Closed rdaniel closed 11 years ago
Yes, that 10G should be made smaller.
Hi again Nitish.
I've tried 8, 4, and 1 G for the main_mem value. They all still die at line 1621. (with gpu_mem=1G) On a minor note, I noticed that the runall_dbn.sh script uses a $cpu_mem variable that is not defined in the script. However, things still die at the same line if I replace that with the main_mem value. Next step is for me to try debugging this and keep an eye on memory use, but if you have other ideas that would be great.
Thanks, Ron
I think I've found it. Didn't take long once I got time to step through the code in the debugger. The extract_rbm_representations.py code has the gpu_mem and cpu_mem parameters, but it also has a memory=10G parameter. That constant 10G value was passed along the WriteRepresentationsToDisk() call. I replaced that with the main_mem parameter and things worked. I'll close this issue now.
Hi Nitish,
Thanks for making deepnet available. I'm looking forward to working with it. I'm able to run most of the examples, but when I try the multimodal_dbn, I get MemoryErrors when extract_rbm_representation.py is being run. I'm running on an AWS Cluster GPU instance which has 6GB on the GPU and 22 GM main memory. I've been progressively shrinking the gpu_mem (from 4 to 2 to 1) and main_mem values (20,18,16,10,8). With them set to 1G and 8G, respectively, the image layer 1 extract completed for the first time, and layer 2 trained, but then the extract on layer 2 failed. The error dump is appended.
Any suggestions on how to fix this? I notice in extract_rbm_representation that there is an additional memory=10G setting - do I need to make that be no larger than the main_mem setting?
Thanks, Ron
Writing to /vol/FlickrPreproc/flickr/dbn_reps/image_rbm2_LAST/train 998Traceback (most recent call last): File "/home/ubuntu/src/deepnet-master/deepnet/extract_rbm_representation.py", line 81, in
main()
File "/home/ubuntu/src/deepnet-master/deepnet/extract_rbm_representation.py", line 76, in main
data_proto=data_proto)
File "/home/ubuntu/src/deepnet-master/deepnet/extract_rbm_representation.py", line 40, in ExtractRepresentations
layernames, output_dir, memory=memory, dataset=dataset, input_recon=True)
File "/home/ubuntu/src/deepnet-master/deepnet/dbm.py", line 360, in WriteRepresentationToDisk
datagetter()
File "/home/ubuntu/src/deepnet-master/deepnet/neuralnet.py", line 370, in GetTrainBatch
self.GetBatch(self.train_data_handler)
File "/home/ubuntu/src/deepnet-master/deepnet/dbm.py", line 229, in GetBatch
super(DBM, self).GetBatch(handler=handler)

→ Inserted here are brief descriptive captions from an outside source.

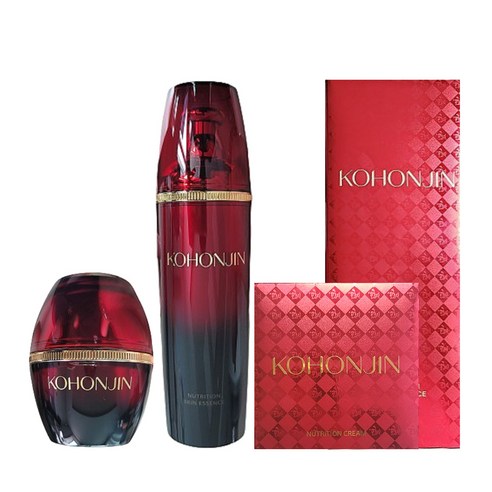 고혼진 화장품 세트, 피부의 새로운 변화를 경험하다 고혼진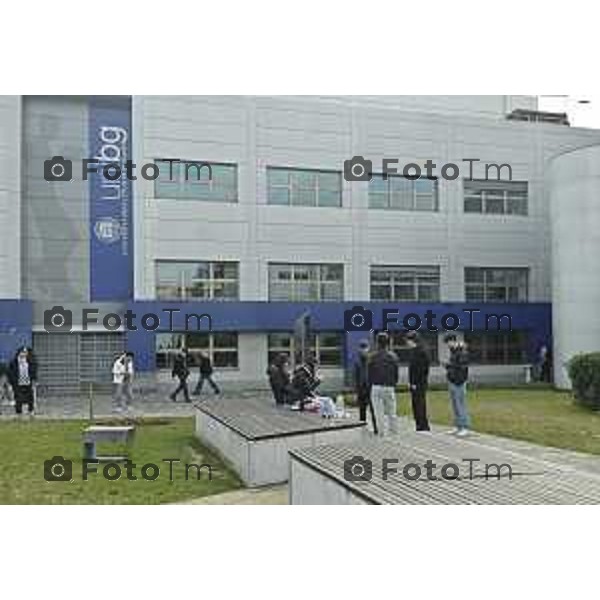 Tiziano Manzoni/LaPresse 11-2- 2026 Italia Cronaca BergamoUniversità degli studi di Bergamo 4 edizione di UniBgirls & STEM, un evento di sensibilizzazione al tema del divario di genere nell’ambito delle STEM (Science, Technology, Engineering and Mathematics)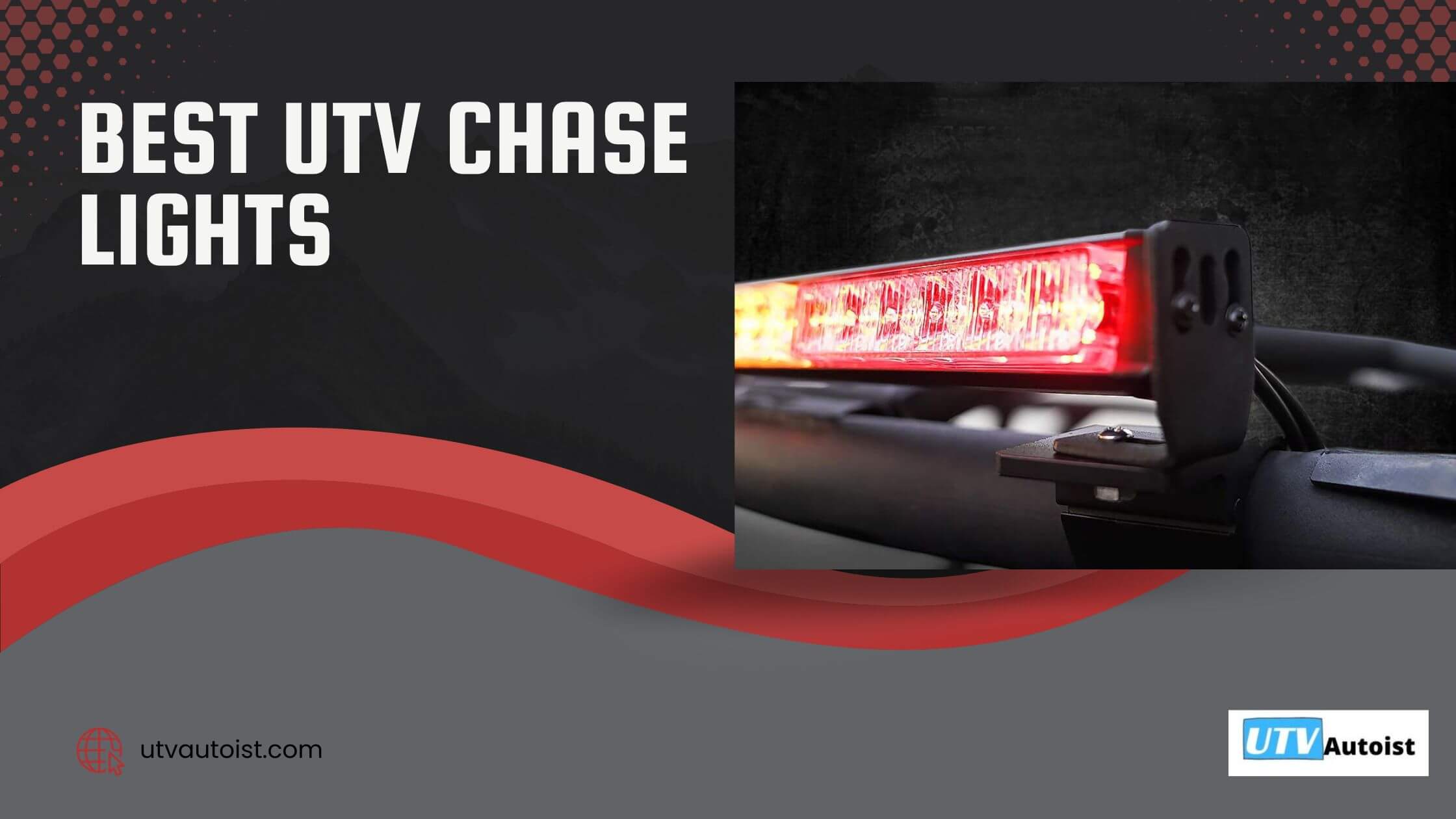 UTV Chase Lights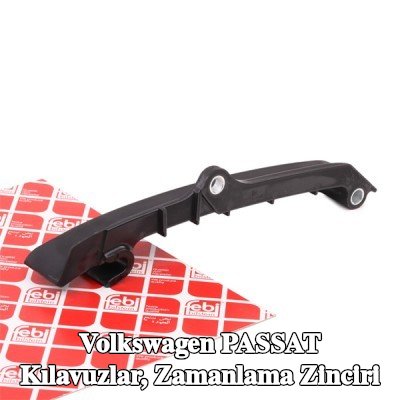 FEBI BILSTEIN Kılavuzlar, zamanlama zinciri — 1997 Volkswagen Passat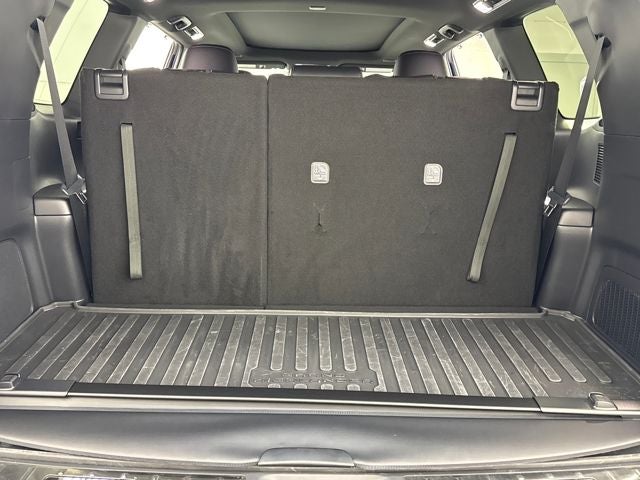 2025 Toyota Grand Highlander Hybrid MAX Platinum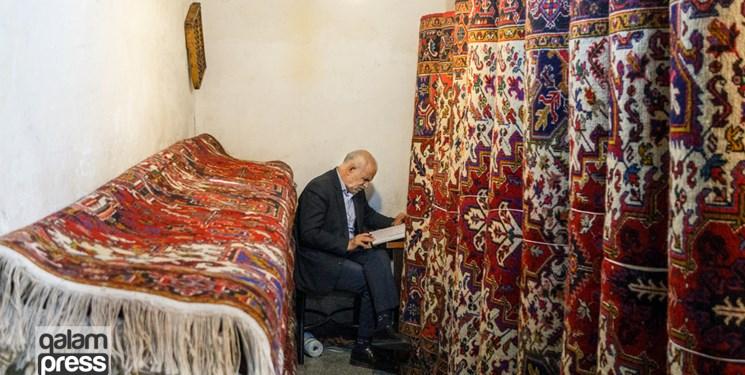 بیمه تکمیلی بافندگان و تولیدکنندگان فرش/ شهرت فرش دستباف هریس جهانی ست
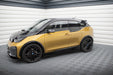 Set of Splitters BMW i3 S Mk1 Facelift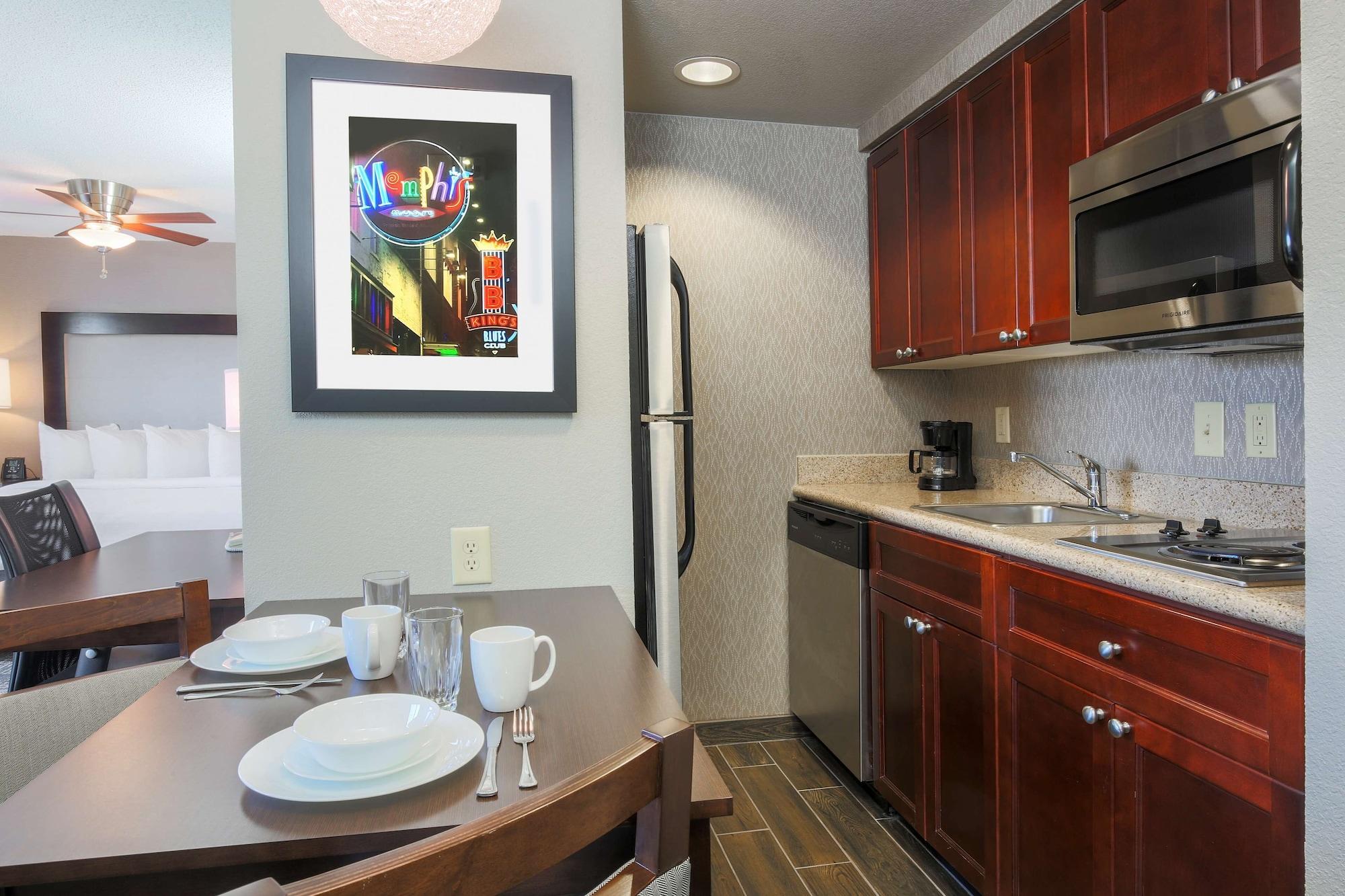 Equipamiento de Habitación Homewood Suites Southwind - Hacks Cross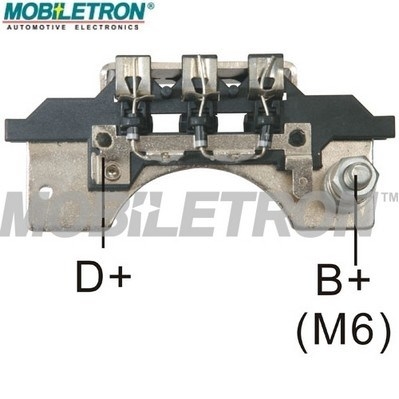 MOBILETRON Prostownik, alternator RT-01H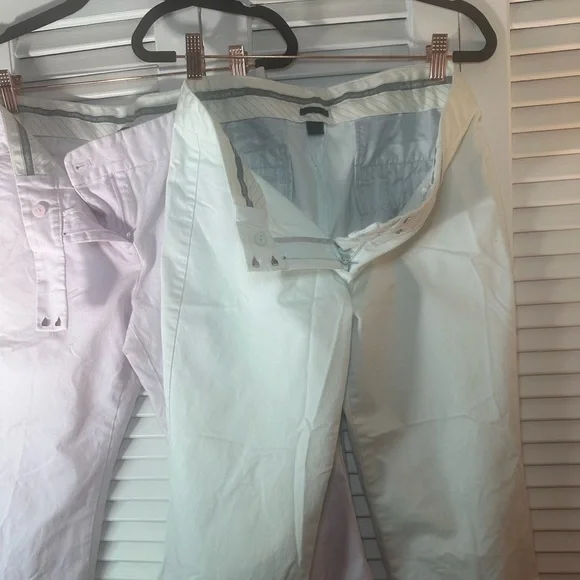 Vintage Express Y2K Capri Bundle (Light Blue + Light Pink) Business Casual - Picture 11 of 11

File "/home/ubuntu/src/deepnet-master/deepnet/neuralnet.py", line 361, in GetBatch
data_list = handler.Get()
File "/home/ubuntu/src/deepnet-master/deepnet/datahandler.py", line 627, in Get
batch = self.gpu_cache.Get(self.batchsize, get_last_piece=self.get_last_piece)
File "/home/ubuntu/src/deepnet-master/deepnet/datahandler.py", line 396, in Get
self.LoadData()
File "/home/ubuntu/src/deepnet-master/deepnet/datahandler.py", line 332, in LoadData
self.data[i].overwrite(mat)
File "/home/ubuntu/src/deepnet-master/cudamat/cudamat.py", line 161, in overwrite
array = reformat(array)
File "/home/ubuntu/src/deepnet-master/cudamat/cudamat.py", line 1621, in reformat
return np.array(array, dtype=np.float32, order='F')
MemoryError
./runall_dbn.sh: line 71: 3880 Segmentation fault (core dumped) python ${extract_rep} ${model_output_dir}/image_rbm2_LAST trainers/dbn/train_CD_image_layer2.pbtxt image_hidden2 ${data_output_dir}/image_rbm2_LAST ${gpu_mem} ${cpu_mem}